The intermediate diagrams of each group have been linked together and the attention function diagrams. \ (M (x, y) \)were calculated by the Softmax function along the timeline.

The attention -weighted characteristic \ (\ mathop {f {} _ {n}^{g}} \ limits^{\ Sim} \) For each group was calculated by

Where \ ({M_n} {(x, y) _J} \) represents the weight of the timeness mask in \ ({(x, y) _J} \) Position, \ (F {} _ {n}^{g} \) represents the features generated in the intra group fusion module in groups, and \ (\ odot \) represents the multiplication of the corresponding elements one after the other.

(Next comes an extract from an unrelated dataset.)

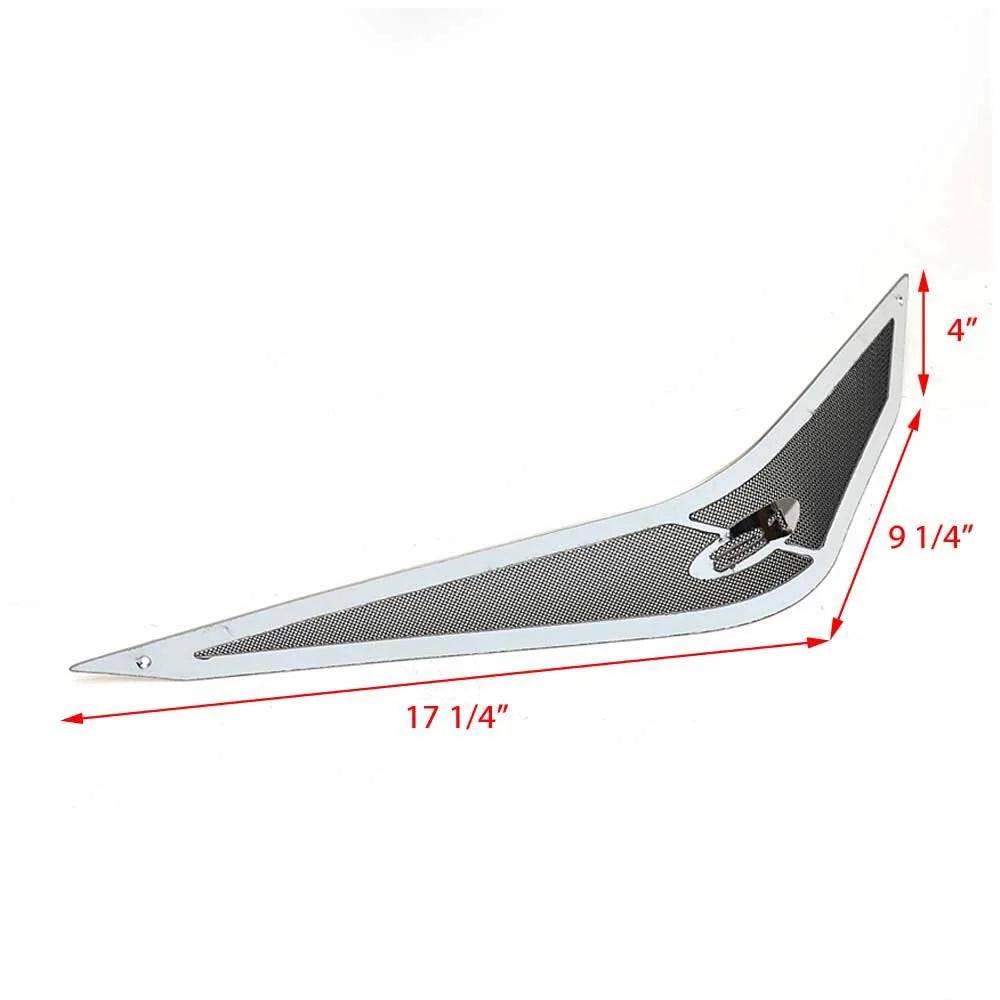 Stainless Boat Port Vent Cover H233491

The aim of the fusion module between groups is to aggregate the information from different time groups and create an HR residual card. In order to fully exploit the attention group's attention, we have connected these functional cards along the timeline to a three -dimensional block. In the meantime, a folding layer with a 1 × 3 × 3 folding core was used at the end of the three-dimensional dense block to reduce the channels. A two -dimensional poet block was placed for further fusion below, as shown in 4.

Finally, a reconstruction module, which resembles the super resolution with a single image, contains the fully merged features through deep-to-space operation. The merged features were sent in six cascaded remaining blocks and the subpixel folding layer for reconstruction, and after processing the corresponding remaining map was generated. At the same time, the final HR video frames were generated by adding the original video residual card to be generated by scanning the Bicubian interpolation.